> _What to work on_: Pictures stay out; everything else in the entries below is to be duplicated exactly.

> _Task inputs_:
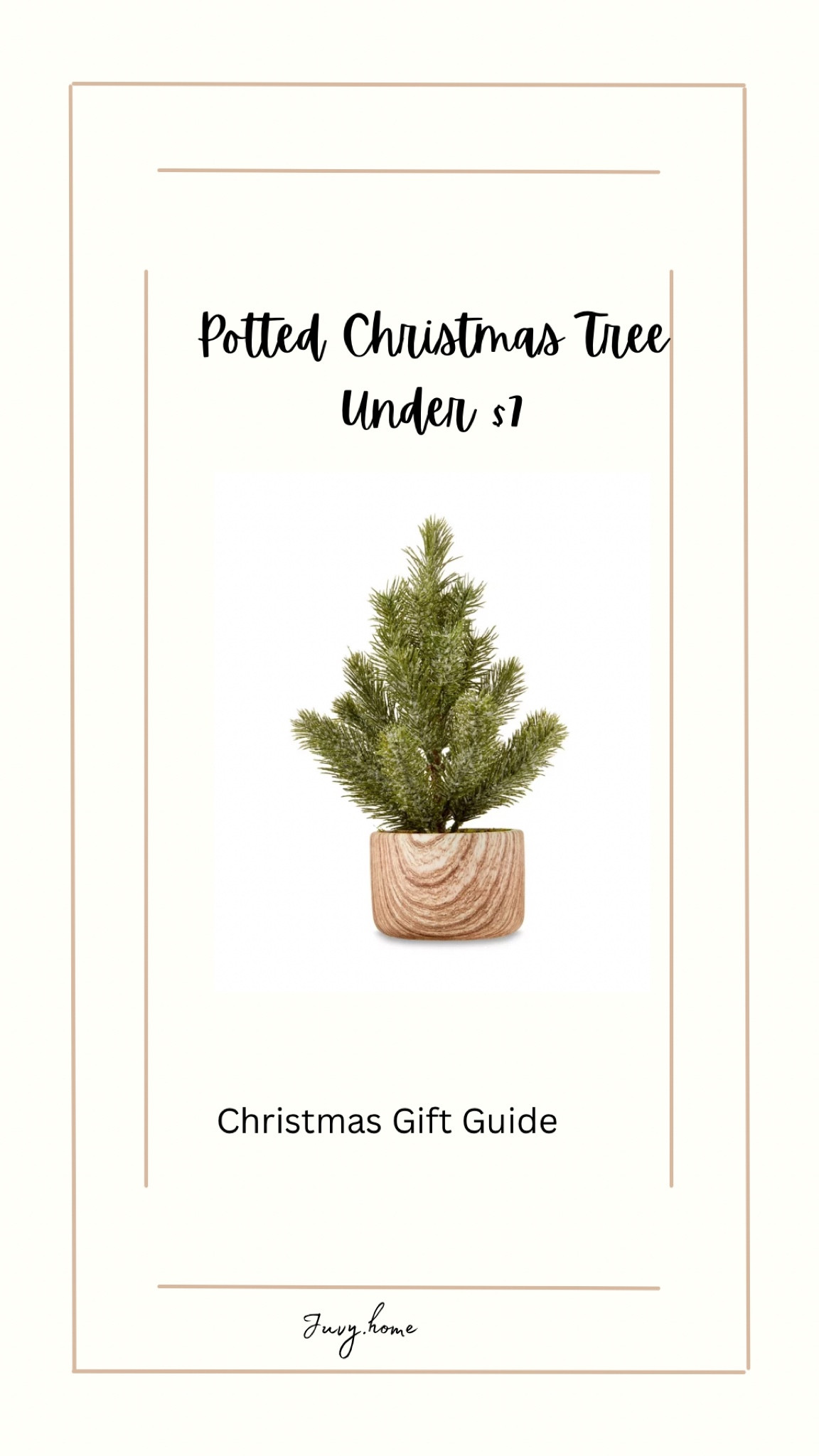 Under $7 potted Christmas tree. Walmart find

#LTKHoliday #LTKhome #LTKCyberWeek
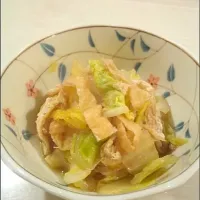 Snapdishの料理写真:簡単おかず❗白菜油揚げ煮浸し|ねぇあんたさん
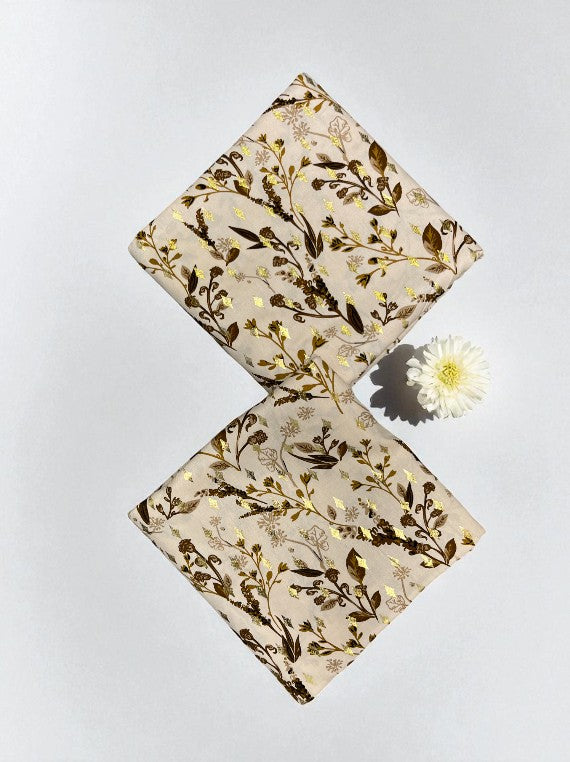 Chilly Weather Gold Glitter Printed Marina Edit25 (IS41-53)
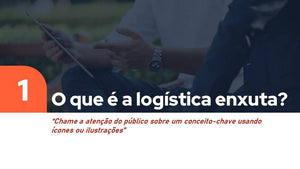 Apresentação Logística Enxuta em PowerPoint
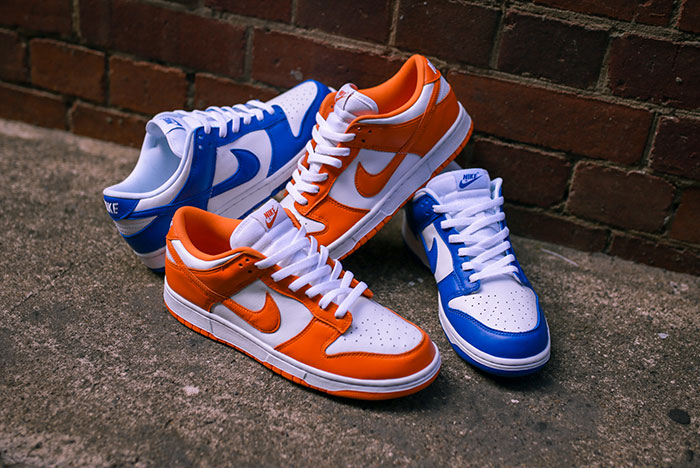 Nike Dunk Low "Syracuse" and "Kentucky"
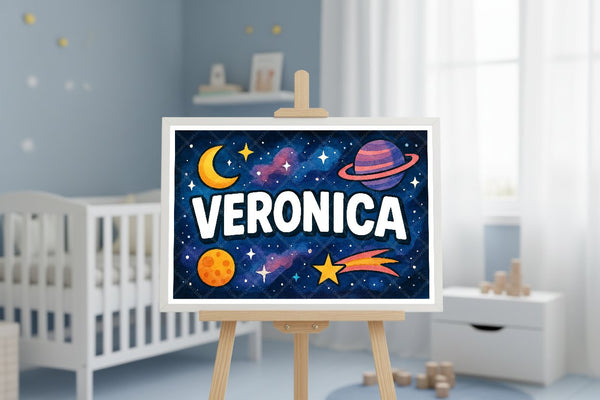 "Veronica" Amongst the Stars Personalized Space Artwork
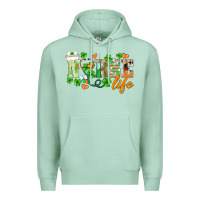 Seafoam st.patricks nurse life Premium Hoodie - BarkalooDesign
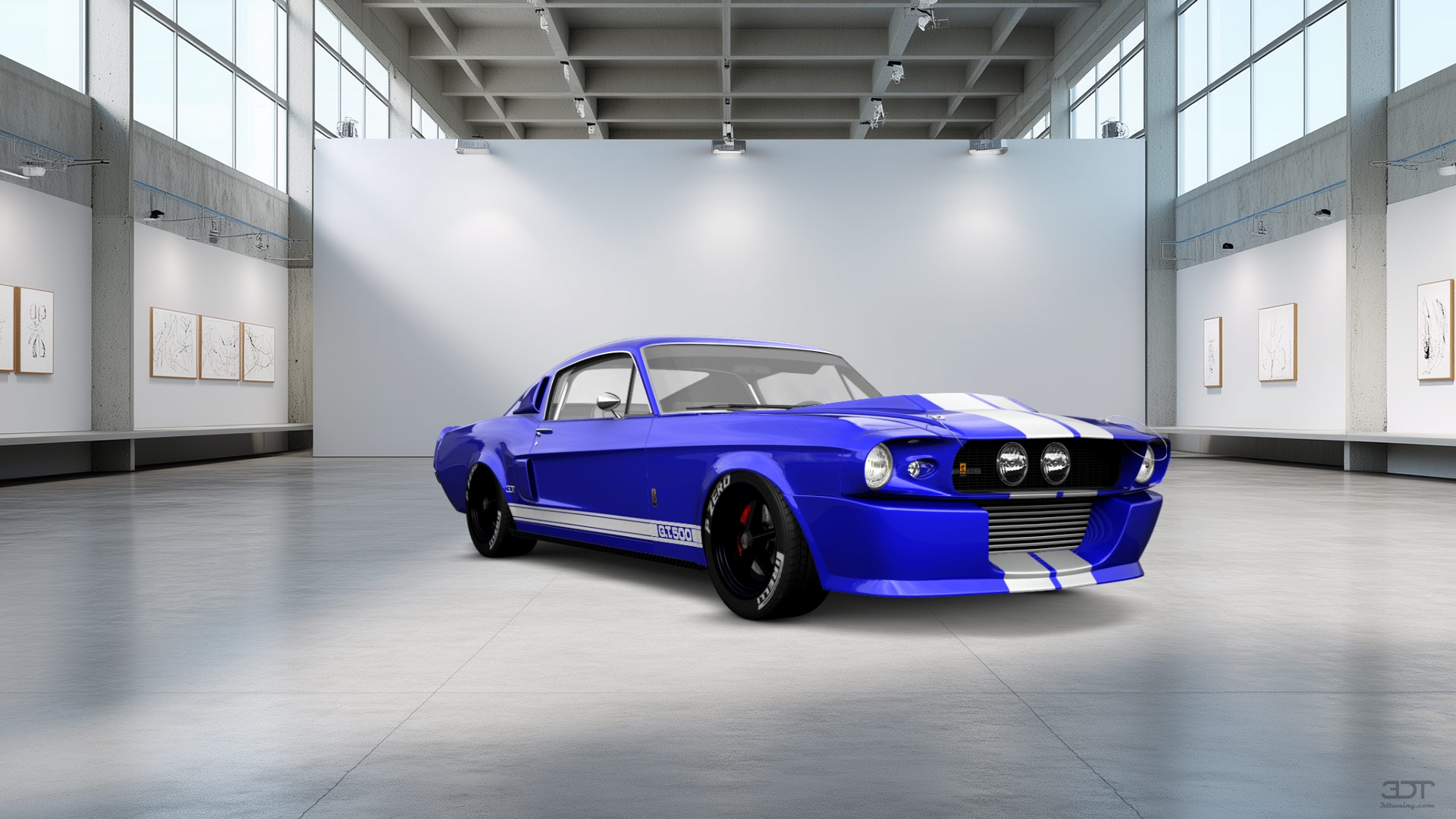 Mustang GT500 2 Door Coupe 1968 tuning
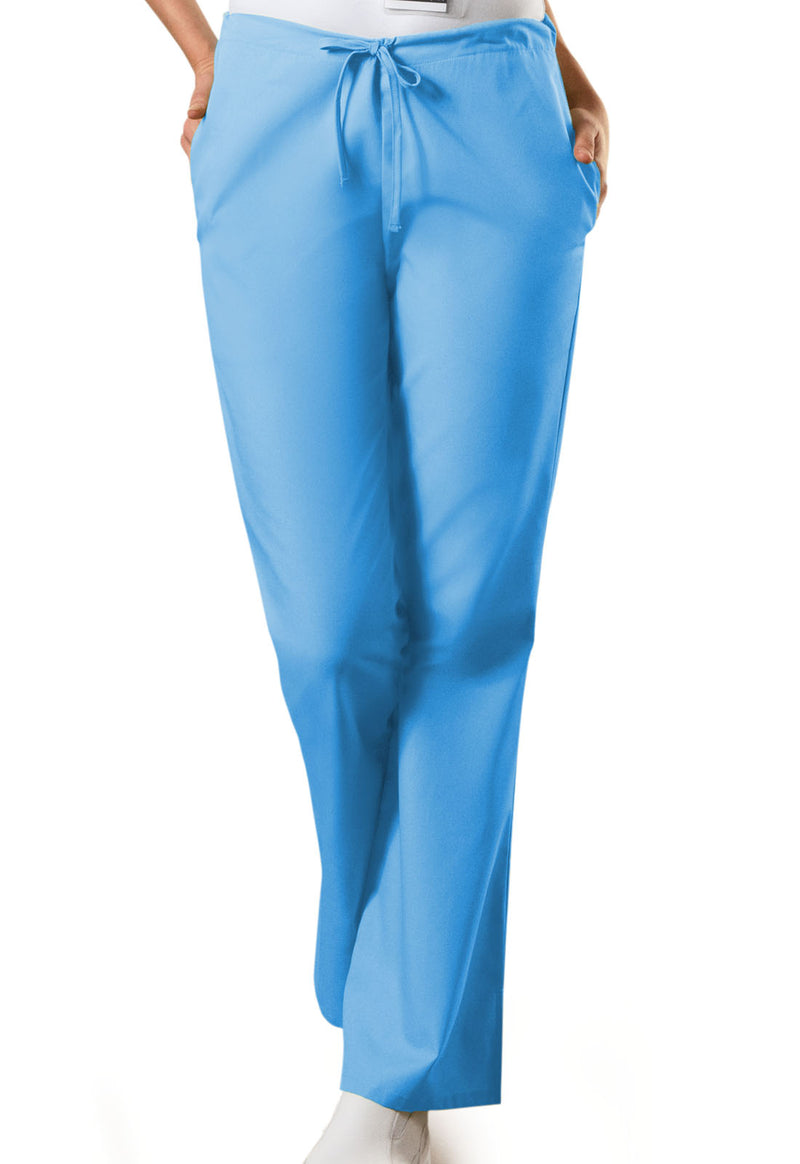 Blue Mist - Cherokee WW Originals Women Scrub Pants - Front View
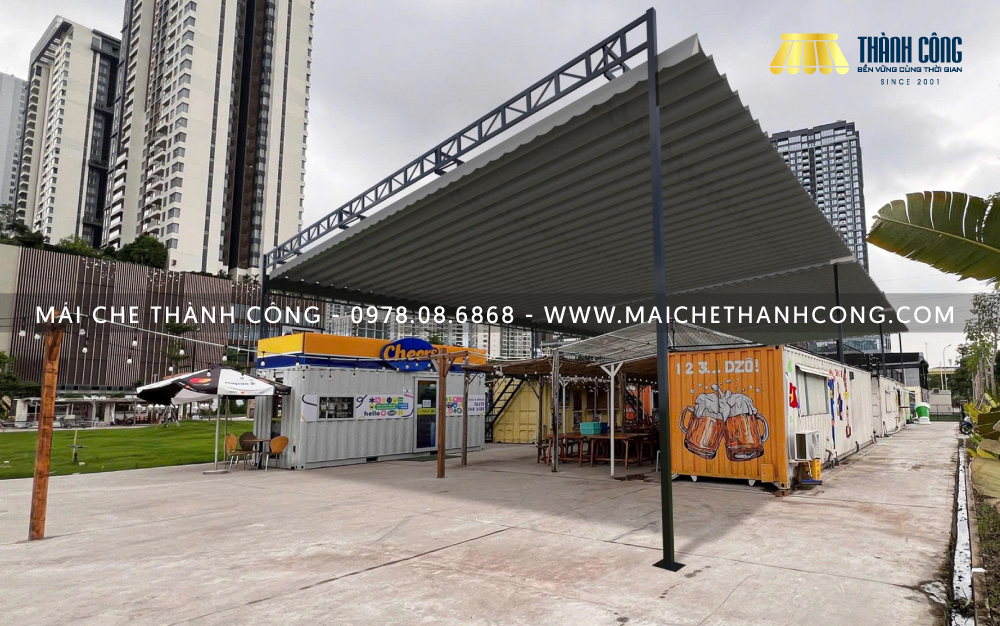 Thi công bạt xếp F&B An Phú Sports Park Quận 2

> _Solution_:
 Under $7 potted Christmas tree. Walmart find

#LTKHoliday #LTKhome #LTKCyberWeek
 Snapdishの料理写真:簡単おかず❗白菜油揚げ煮浸し|ねぇあんたさん
 Chilly Weather Gold Glitter Printed Marina Edit25 (IS41-53)
 Apresentação Logística Enxuta em PowerPoint
 Nike Dunk Low "Syracuse" and "Kentucky"
 "Veronica" Amongst the Stars Personalized Space Artwork
 Seafoam st.patricks nurse life Premium Hoodie - BarkalooDesign
 Mustang GT500 2 Door Coupe 1968 tuning
 Blue Mist - Cherokee WW Originals Women Scrub Pants - Front View
 Thi công bạt xếp F&B An Phú Sports Park Quận 2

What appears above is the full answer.